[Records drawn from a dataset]
# # #
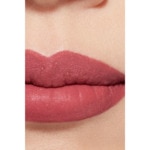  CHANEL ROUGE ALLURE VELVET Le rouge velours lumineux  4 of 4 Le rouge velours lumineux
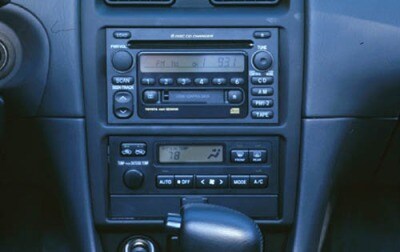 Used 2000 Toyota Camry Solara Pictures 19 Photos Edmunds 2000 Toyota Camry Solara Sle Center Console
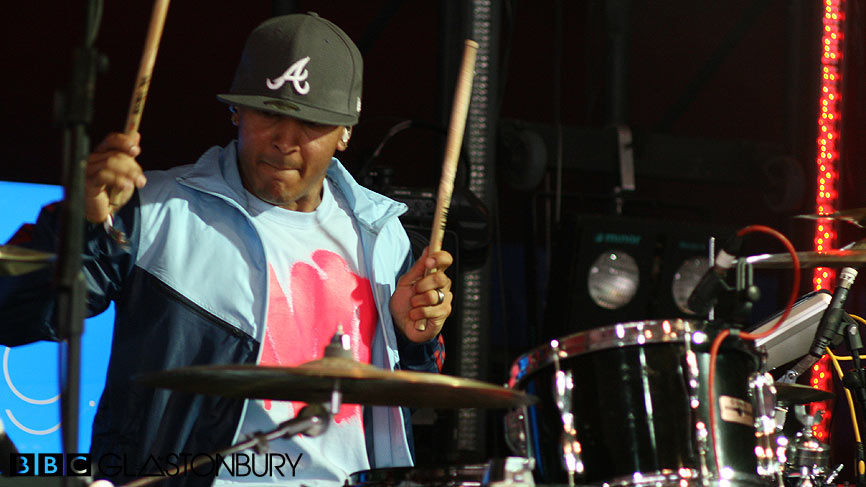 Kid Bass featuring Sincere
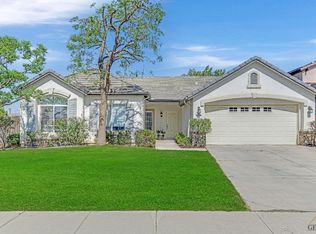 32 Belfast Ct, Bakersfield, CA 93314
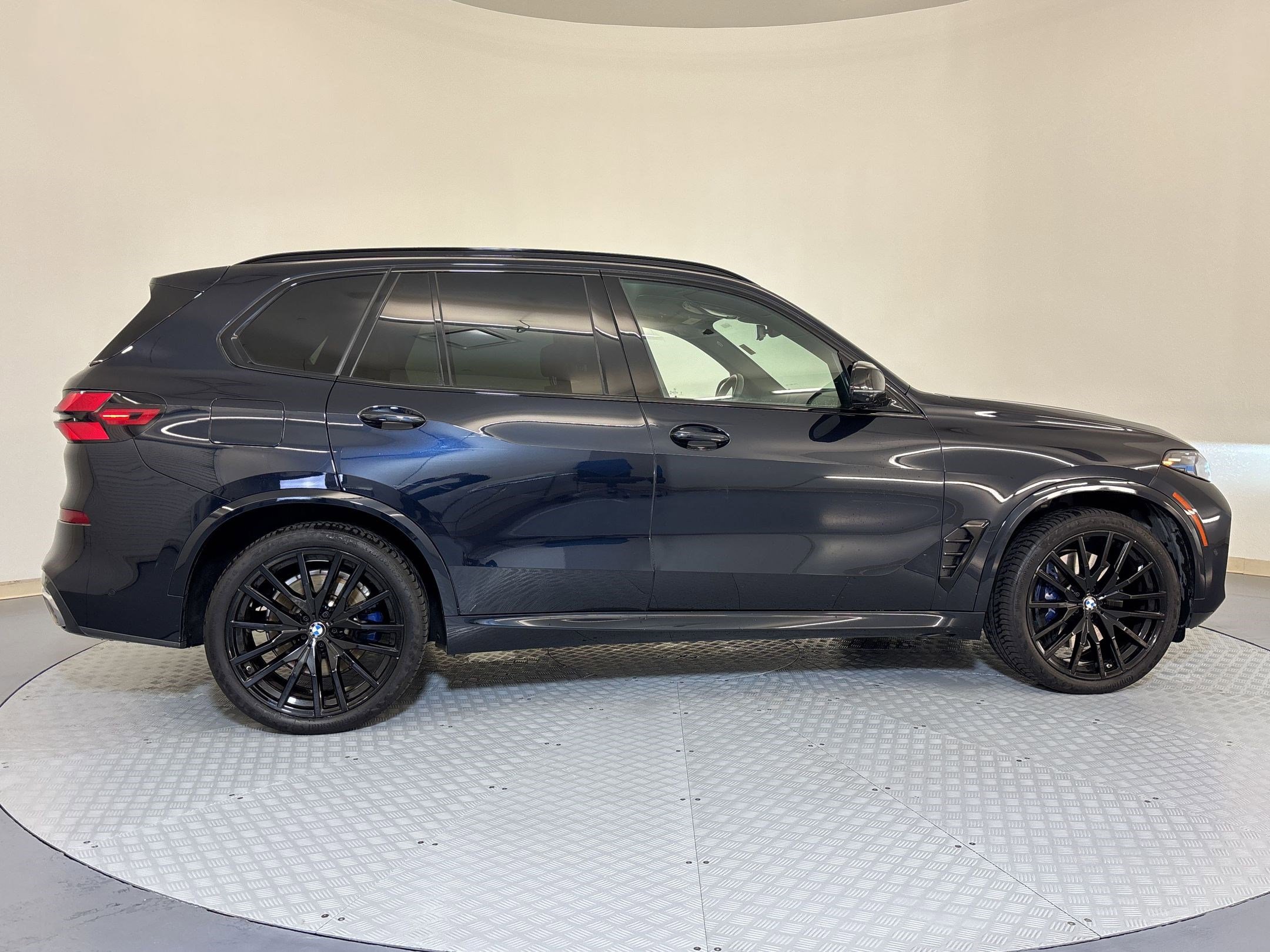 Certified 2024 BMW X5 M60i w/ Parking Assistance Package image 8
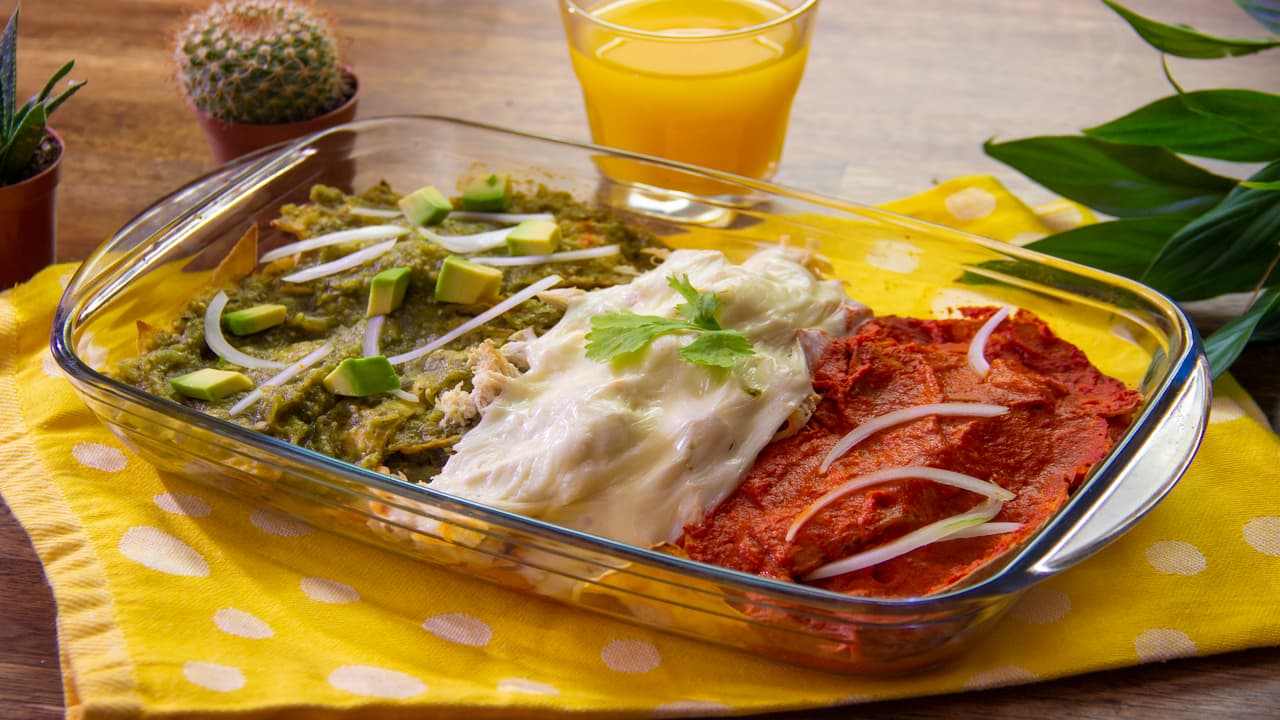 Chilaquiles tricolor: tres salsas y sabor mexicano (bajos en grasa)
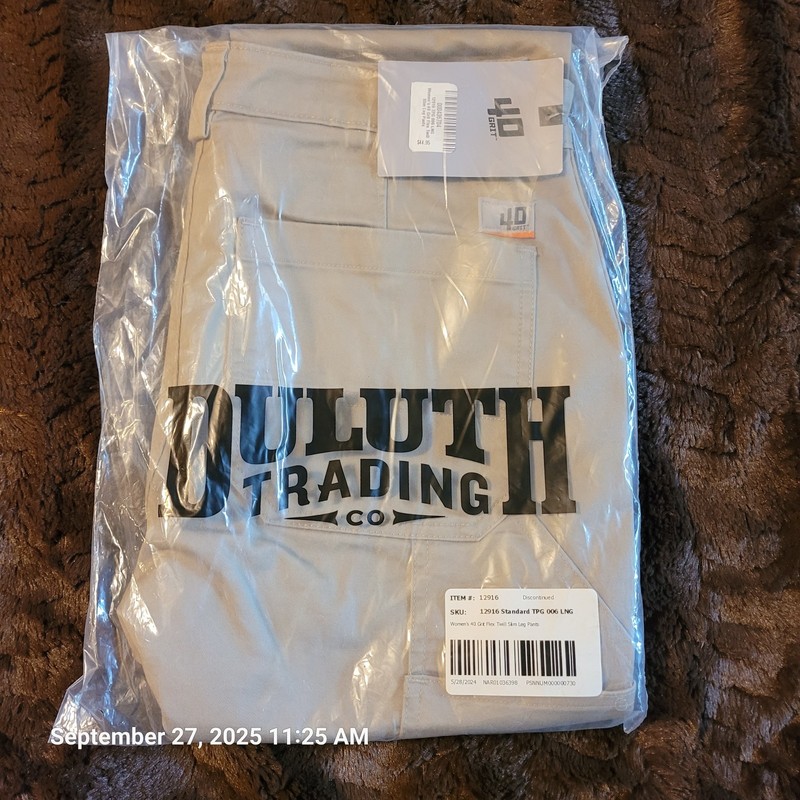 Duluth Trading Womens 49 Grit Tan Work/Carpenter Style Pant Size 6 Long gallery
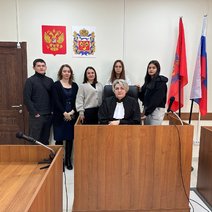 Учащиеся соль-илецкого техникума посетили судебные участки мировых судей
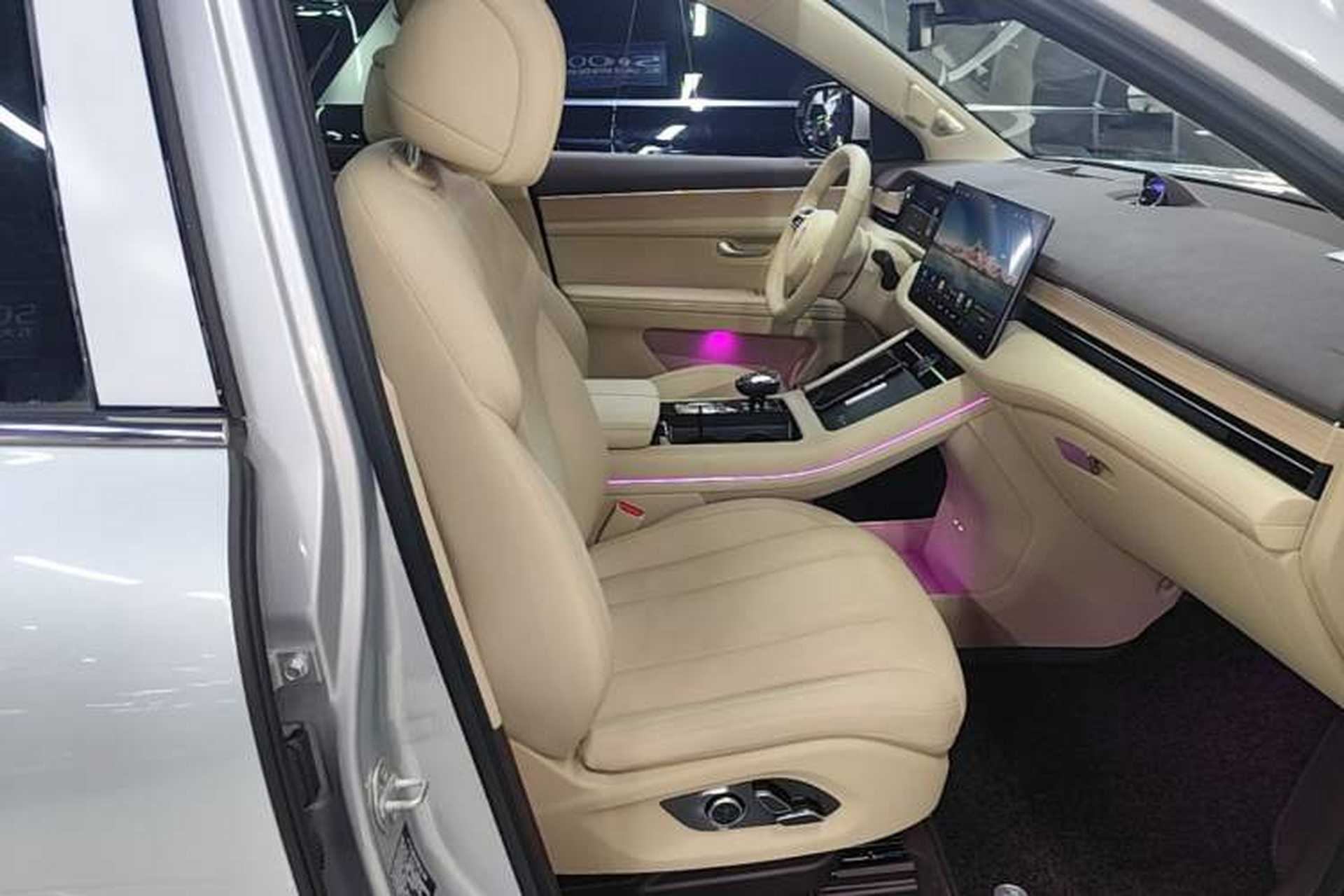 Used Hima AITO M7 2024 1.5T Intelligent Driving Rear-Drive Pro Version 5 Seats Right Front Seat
# # #
▸ **WORK TO BE COMPLETED**
Pictures aside, set down the lines from the one containing "Duluth Trading Womens" through the end of the records above, exactly and only those.

▸ **ANSWER TO THIS PROBLEM**
 Duluth Trading Womens 49 Grit Tan Work/Carpenter Style Pant Size 6 Long gallery
 Учащиеся соль-илецкого техникума посетили судебные участки мировых судей
 Used Hima AITO M7 2024 1.5T Intelligent Driving Rear-Drive Pro Version 5 Seats Right Front Seat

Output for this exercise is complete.